** Task input **
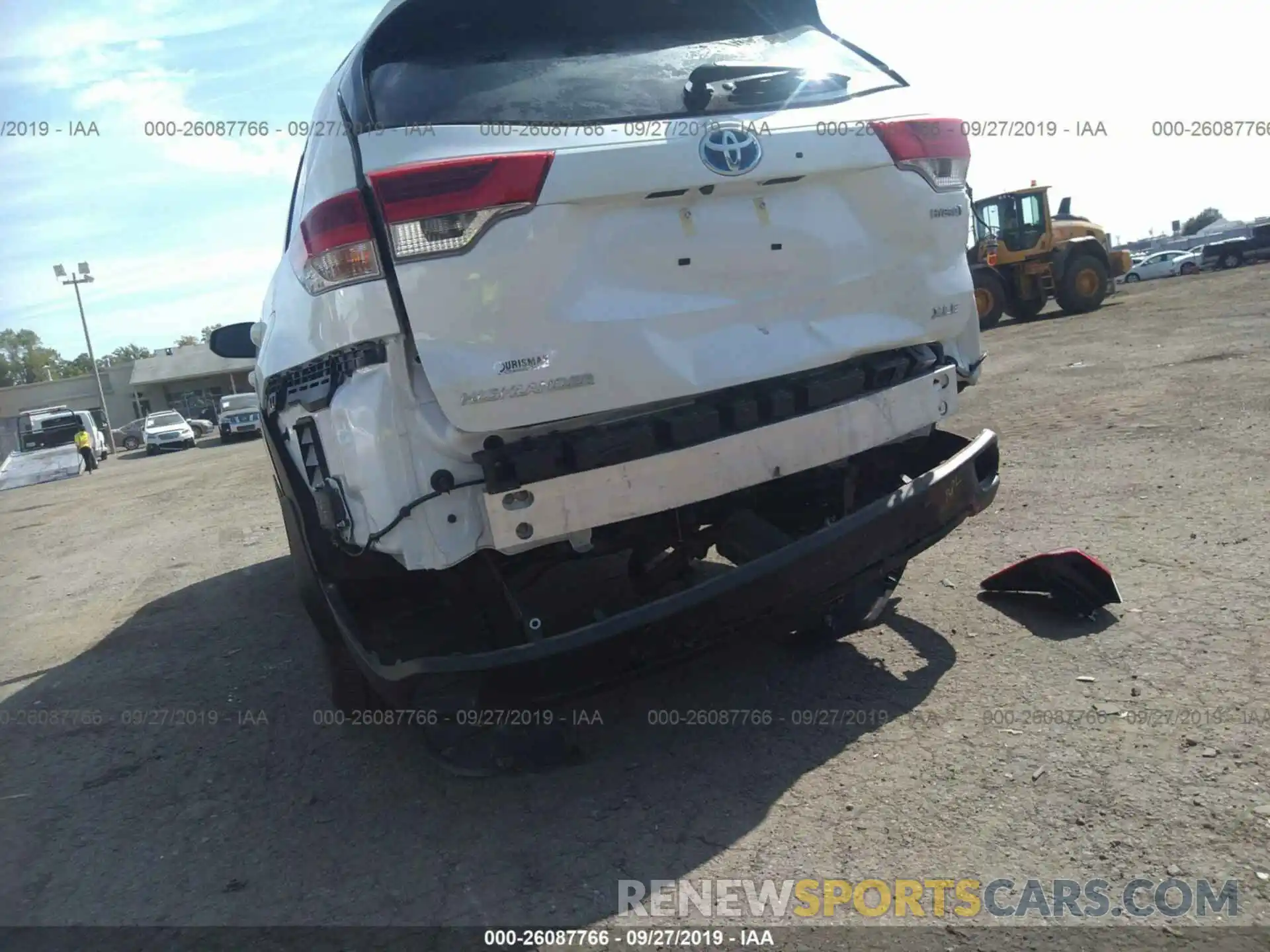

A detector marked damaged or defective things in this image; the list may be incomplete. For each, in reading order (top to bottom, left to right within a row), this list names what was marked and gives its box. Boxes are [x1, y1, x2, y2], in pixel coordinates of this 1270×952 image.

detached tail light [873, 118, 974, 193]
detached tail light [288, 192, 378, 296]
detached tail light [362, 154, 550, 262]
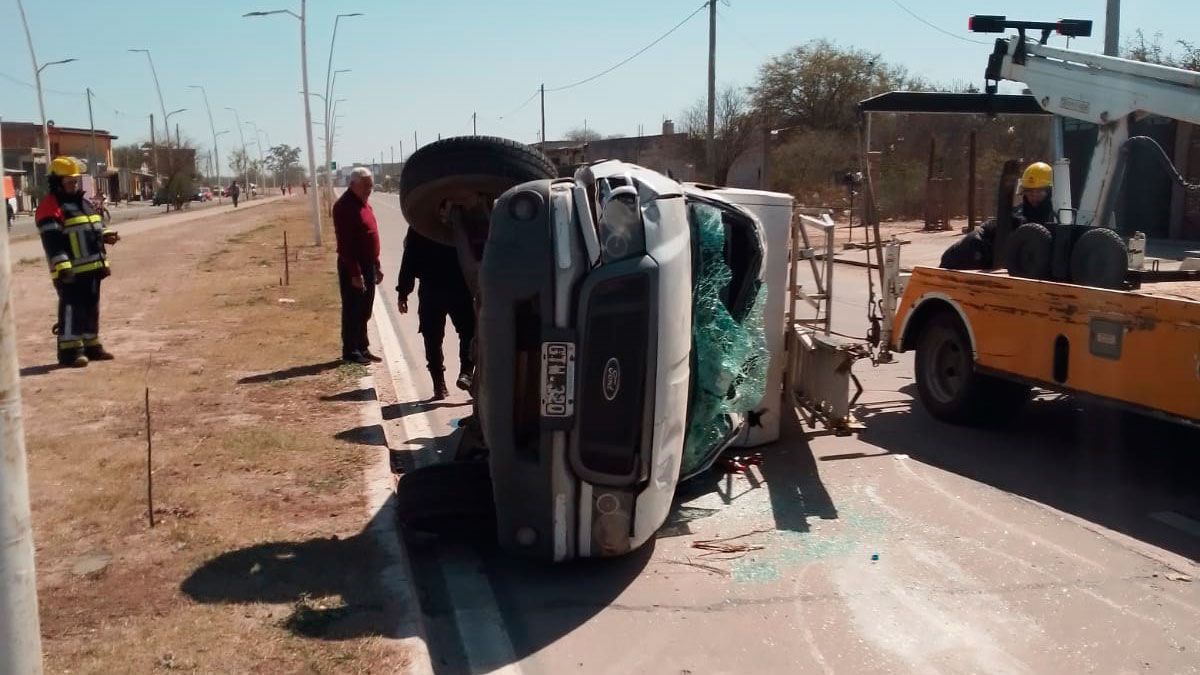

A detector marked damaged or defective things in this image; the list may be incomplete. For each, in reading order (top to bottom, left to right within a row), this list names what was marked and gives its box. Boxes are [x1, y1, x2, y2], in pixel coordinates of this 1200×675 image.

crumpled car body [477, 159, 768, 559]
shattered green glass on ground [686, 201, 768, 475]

** Exercise goal **
Above are the records; give them all again exactly, apart from the pictures.

** Reply to the exercise **
A detector marked damaged or defective things in this image; the list may be incomplete. For each, in reading order (top to bottom, left to right within a row), this list names what was marked and gives its box. Boxes are [x1, y1, x2, y2], in pixel coordinates of this 1270×952 image.

detached tail light [873, 118, 974, 193]
detached tail light [288, 192, 378, 296]
detached tail light [362, 154, 550, 262]

A detector marked damaged or defective things in this image; the list may be incomplete. For each, in reading order (top to bottom, left to right within a row), this list names what was marked and gives its box. Boxes are [x1, y1, x2, y2], in pixel coordinates of this 1200×675 image.

crumpled car body [477, 159, 768, 559]
shattered green glass on ground [686, 201, 768, 475]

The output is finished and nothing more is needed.